アメリカのメリーランド州ボルティモアに架かるフランシス・スコット・キー橋の橋脚にコンテナ船「DALI」が衝突した事故で、崩壊した橋桁などの撤去作業に向けて複数のクレーン船が現場に到着。

クレーン船は海軍海洋システムコマンド(Naval Sea Systems Command)を通じて契約されており、3月29日までに130トン~900トン吊りのクレーン船3隻が現場に到着。来週初めまでに400トン吊りのクレーン船1隻が到着する予定。

フランシス・スコット・キー橋の撤去作業をおこなうため、さらに多くのクレーン船やタグボート、台船などの船舶がすでに手配されているという。

手配されているクレーン船および船舶
  • フローティングクレーン:7隻
  • タグボート:10隻
  • 台船(バージ):9隻
  • サルベージ船:8隻
  • 沿岸警備隊の船舶:5隻

撤去作業で最大の難関はコンテナ船の船首を覆っている橋桁

現在、撤去作業を安全かつ責任ある方法で実施するため、沿岸警備隊主導の統合司令部は連邦、州、市の団体と民間企業と協力し、サルベージ計画の策定に取り組んでいるという。

なかでも最大の難関になっているのはコンテナ船「DALI」の船首に覆いかぶさっている橋桁の撤去。しかし、その部分だけでも3,000~4,000トンの重量があると想定されており、橋桁をいくつかのセクションに分割して撤去する必要があるという。

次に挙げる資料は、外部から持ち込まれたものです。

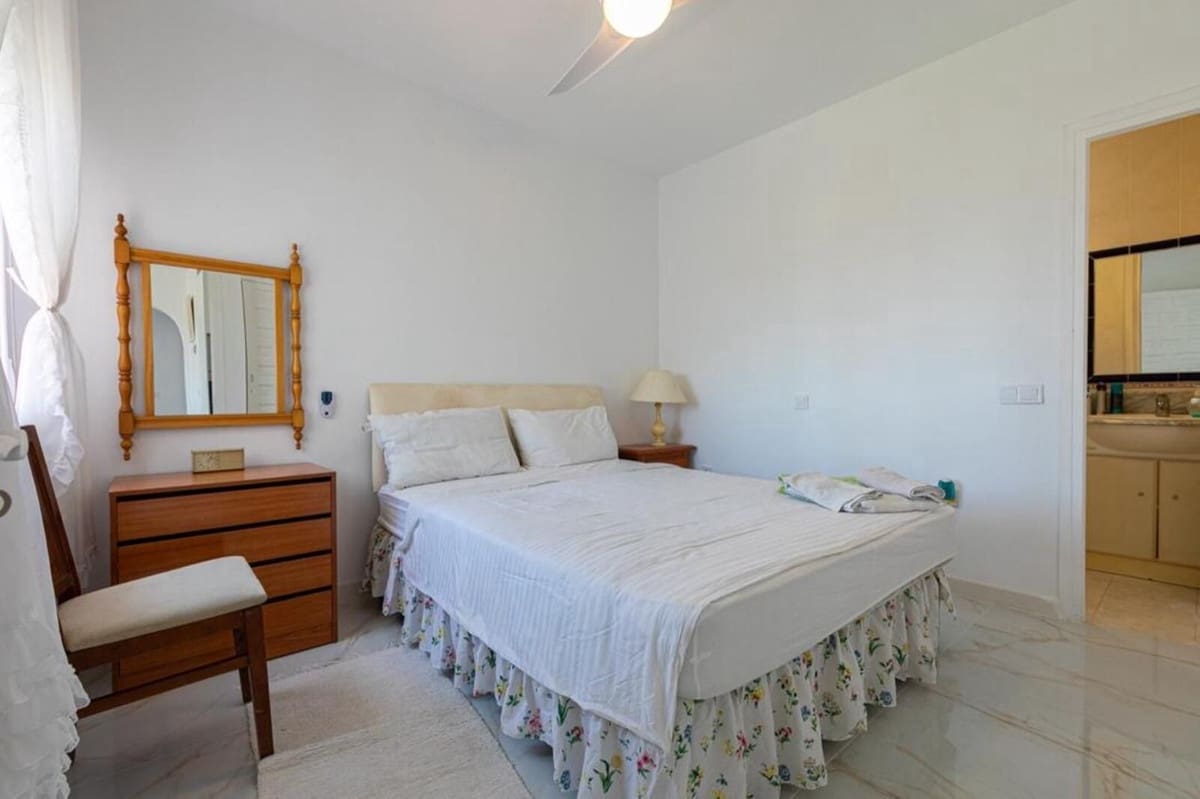 3 camera da letto Villa da affittare in Marbella con piscina garage - 4.000 € (Rif: 9402919)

事故後の映像や画像を見ただけでもコンテナ船の船首部分にある橋桁撤去の難易度が高いということは想像出来る。吊り上げ能力の大きなクレーン船を手配したとしても橋桁が横に長く、損傷していることから吊り上げ時の自重に橋桁自体が耐えられないため、1隻のクレーン船で撤去することは恐らく無理。

分割撤去の場合でも、橋桁を切断する時にバランスが崩れる可能性を考えると隣接する橋桁も吊り上げておく必要がありそう。どのような手順で撤去が進められるのか今後の進捗に注目ですが、2次災害の危険性が高い作業なので無事に作業が進んで欲しいと思う。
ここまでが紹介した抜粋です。